As we continue on in the abbreviated excerpting of the decision, we find that
- compulsory process that have as their overriding purpose the protection of the accused from prosecutorial and judicial abuses
- The right to a public trial, the Court stated, “has always been recognized as a safeguard against any attempt to employ our courts as instruments of persecution. The knowledge that every criminal trial is subject to contemporaneous review in the forum of public opinion is an effective restraint on possible abuse of judicial power.
- [A public trial] is for the protection of all persons accused of crime – the innocently accused, that they may not become the victim of an unjust prosecution.
- … that the public may see he is fairly dealt with and not unjustly condemned, and that the presence of interested spectators may keep his triers keenly alive to a sense of their responsibility and to the importance of their functions
- “[t]he purpose of the requirement of a public trial was to guarantee that the accused would be fairly dealt with and not unjustly condemned… – and inhering in the institutional process by which justice is administered“.
- There can be no blinking the fact that there is a strong societal interest in public trials. Openness in court proceedings may improve the quality of testimony, induce unknown witnesses to come forward with relevant testimony, cause all trial participants to perform their duties more conscientiously, and generally give the public an opportunity to observe the judicial system… The public, for example, has a definite and concrete interest in seeing that justice is swiftly and fairly administered.
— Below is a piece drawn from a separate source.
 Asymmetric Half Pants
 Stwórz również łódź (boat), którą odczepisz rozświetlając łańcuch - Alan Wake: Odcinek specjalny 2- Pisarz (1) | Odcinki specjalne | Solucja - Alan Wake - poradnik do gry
- The public has an interest in observing the performance not only of the litigants and the witnesses, but also of the advocates and the presiding judge.
Now, here is where the public really comes in to play. We, the American public, have every right, barring the exception in favor of the accused, mentioned above, to know just how OUR government works; whether it works for us, or against us and for its own protection and secrecy. We must demand of the Court a full disclosure of ALL evidence in discovery, allowing only the protection of the names of the informants or agents.
Unless the case involves national security, there should be full disclosure of the practices that OUR government uses in protecting US from OURSELVES. We believe that we don’t live in a police state, however, if we allow the government to continue to expand their secretive methods, we will, like the boiled frog, soon wake up and find that we have become subjects in the most extensive police state the world has ever known.